WHAT THE TASK ASKS
From the listing below, work out how many lines contain "Stock". Reply with that number only.

SOURCE RECORDS
□ □ □ □

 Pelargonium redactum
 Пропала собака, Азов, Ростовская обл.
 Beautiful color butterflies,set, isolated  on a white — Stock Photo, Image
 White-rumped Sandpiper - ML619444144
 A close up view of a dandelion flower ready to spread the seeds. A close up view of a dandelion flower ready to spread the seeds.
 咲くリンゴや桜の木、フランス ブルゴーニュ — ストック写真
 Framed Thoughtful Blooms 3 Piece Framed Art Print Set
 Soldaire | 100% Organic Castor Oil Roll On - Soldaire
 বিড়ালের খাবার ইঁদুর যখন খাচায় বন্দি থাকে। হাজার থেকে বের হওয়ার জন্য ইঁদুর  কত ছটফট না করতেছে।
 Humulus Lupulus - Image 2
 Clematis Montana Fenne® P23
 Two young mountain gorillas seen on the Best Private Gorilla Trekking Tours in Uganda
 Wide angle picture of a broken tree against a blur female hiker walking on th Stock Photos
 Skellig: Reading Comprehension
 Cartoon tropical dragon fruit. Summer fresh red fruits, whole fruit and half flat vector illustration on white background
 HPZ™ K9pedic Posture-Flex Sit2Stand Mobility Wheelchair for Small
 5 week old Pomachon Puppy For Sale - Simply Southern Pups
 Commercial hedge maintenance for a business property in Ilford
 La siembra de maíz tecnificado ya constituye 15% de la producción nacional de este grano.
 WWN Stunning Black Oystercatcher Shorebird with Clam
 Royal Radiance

□ □ □ □

ANSWER SECTION
2